* GIVEN RECORDS
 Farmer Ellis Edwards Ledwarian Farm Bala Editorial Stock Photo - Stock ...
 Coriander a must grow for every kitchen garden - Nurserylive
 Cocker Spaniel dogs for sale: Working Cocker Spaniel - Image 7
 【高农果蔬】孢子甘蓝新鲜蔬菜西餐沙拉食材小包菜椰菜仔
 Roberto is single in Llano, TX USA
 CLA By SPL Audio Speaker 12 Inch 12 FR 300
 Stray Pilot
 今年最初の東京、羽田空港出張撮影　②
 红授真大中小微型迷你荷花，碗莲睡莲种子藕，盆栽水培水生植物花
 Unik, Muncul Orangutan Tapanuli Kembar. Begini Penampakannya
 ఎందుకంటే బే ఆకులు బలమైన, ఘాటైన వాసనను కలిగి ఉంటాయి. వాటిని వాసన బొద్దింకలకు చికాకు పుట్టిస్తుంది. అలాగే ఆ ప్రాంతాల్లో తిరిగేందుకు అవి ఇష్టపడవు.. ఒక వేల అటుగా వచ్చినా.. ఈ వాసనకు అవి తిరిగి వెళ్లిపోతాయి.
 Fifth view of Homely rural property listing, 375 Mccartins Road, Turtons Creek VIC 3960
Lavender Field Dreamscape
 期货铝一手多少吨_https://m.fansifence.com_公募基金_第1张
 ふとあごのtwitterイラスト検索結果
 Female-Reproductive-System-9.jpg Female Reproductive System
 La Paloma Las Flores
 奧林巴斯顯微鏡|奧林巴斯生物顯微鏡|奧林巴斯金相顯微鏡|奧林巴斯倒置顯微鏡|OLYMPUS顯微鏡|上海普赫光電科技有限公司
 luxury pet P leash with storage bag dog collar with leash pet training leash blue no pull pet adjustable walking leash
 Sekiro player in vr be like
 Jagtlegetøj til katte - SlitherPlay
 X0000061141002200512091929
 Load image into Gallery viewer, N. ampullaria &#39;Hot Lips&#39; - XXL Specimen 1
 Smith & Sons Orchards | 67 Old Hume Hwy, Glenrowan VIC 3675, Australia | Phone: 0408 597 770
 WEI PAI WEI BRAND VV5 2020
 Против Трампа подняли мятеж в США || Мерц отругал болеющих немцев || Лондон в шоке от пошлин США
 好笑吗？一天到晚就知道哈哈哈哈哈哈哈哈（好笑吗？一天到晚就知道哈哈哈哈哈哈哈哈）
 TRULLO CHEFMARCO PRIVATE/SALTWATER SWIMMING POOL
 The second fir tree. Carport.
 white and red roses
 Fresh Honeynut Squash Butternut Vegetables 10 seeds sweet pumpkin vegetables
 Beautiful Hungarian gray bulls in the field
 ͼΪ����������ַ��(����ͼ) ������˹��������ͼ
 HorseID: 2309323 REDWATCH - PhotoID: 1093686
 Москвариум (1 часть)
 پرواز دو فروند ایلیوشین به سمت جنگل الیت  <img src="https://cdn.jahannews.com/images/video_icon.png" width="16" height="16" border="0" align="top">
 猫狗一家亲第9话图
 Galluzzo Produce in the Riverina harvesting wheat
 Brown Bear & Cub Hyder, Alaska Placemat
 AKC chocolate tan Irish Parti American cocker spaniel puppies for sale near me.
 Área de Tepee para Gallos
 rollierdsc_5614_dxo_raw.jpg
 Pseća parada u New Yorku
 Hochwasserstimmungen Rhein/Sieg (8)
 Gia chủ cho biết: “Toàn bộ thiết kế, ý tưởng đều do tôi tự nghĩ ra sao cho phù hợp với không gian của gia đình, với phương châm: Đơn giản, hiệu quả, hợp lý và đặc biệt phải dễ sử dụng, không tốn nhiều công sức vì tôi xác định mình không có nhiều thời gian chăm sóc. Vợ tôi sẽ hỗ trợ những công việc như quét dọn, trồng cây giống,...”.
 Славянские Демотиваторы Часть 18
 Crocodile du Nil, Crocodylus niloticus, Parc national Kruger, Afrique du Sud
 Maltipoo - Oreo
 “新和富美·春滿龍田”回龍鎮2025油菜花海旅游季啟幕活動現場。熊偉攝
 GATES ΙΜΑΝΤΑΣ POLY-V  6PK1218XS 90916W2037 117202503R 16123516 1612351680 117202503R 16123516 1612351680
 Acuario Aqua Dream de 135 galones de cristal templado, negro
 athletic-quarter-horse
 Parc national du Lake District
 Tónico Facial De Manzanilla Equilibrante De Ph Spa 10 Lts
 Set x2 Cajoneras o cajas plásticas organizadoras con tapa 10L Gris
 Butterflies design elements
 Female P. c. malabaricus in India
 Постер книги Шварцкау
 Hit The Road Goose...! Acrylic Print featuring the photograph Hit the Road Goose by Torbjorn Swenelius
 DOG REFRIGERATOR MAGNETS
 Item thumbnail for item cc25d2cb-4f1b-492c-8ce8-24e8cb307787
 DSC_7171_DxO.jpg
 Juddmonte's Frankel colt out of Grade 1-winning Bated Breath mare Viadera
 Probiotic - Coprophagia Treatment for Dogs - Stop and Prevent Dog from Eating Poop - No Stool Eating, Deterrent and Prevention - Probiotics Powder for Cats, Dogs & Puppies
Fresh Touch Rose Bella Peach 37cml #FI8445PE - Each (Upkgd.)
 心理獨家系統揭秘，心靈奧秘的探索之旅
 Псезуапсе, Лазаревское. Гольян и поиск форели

* WHAT TO DO
In the listing above, locate the line with "ふとあごのtwitterイラスト検索結果" and the line with "Hochwasserstimmungen Rhein/Sieg (8)", then extract exactly those lines and every line between them, and nothing more.

* ANSWER BELOW
 ふとあごのtwitterイラスト検索結果
 Female-Reproductive-System-9.jpg Female Reproductive System
 La Paloma Las Flores
 奧林巴斯顯微鏡|奧林巴斯生物顯微鏡|奧林巴斯金相顯微鏡|奧林巴斯倒置顯微鏡|OLYMPUS顯微鏡|上海普赫光電科技有限公司
 luxury pet P leash with storage bag dog collar with leash pet training leash blue no pull pet adjustable walking leash
 Sekiro player in vr be like
 Jagtlegetøj til katte - SlitherPlay
 X0000061141002200512091929
 Load image into Gallery viewer, N. ampullaria &#39;Hot Lips&#39; - XXL Specimen 1
 Smith & Sons Orchards | 67 Old Hume Hwy, Glenrowan VIC 3675, Australia | Phone: 0408 597 770
 WEI PAI WEI BRAND VV5 2020
 Против Трампа подняли мятеж в США || Мерц отругал болеющих немцев || Лондон в шоке от пошлин США
 好笑吗？一天到晚就知道哈哈哈哈哈哈哈哈（好笑吗？一天到晚就知道哈哈哈哈哈哈哈哈）
 TRULLO CHEFMARCO PRIVATE/SALTWATER SWIMMING POOL
 The second fir tree. Carport.
 white and red roses
 Fresh Honeynut Squash Butternut Vegetables 10 seeds sweet pumpkin vegetables
 Beautiful Hungarian gray bulls in the field
 ͼΪ����������ַ��(����ͼ) ������˹��������ͼ
 HorseID: 2309323 REDWATCH - PhotoID: 1093686
 Москвариум (1 часть)
 پرواز دو فروند ایلیوشین به سمت جنگل الیت  <img src="https://cdn.jahannews.com/images/video_icon.png" width="16" height="16" border="0" align="top">
 猫狗一家亲第9话图
 Galluzzo Produce in the Riverina harvesting wheat
 Brown Bear & Cub Hyder, Alaska Placemat
 AKC chocolate tan Irish Parti American cocker spaniel puppies for sale near me.
 Área de Tepee para Gallos
 rollierdsc_5614_dxo_raw.jpg
 Pseća parada u New Yorku
 Hochwasserstimmungen Rhein/Sieg (8)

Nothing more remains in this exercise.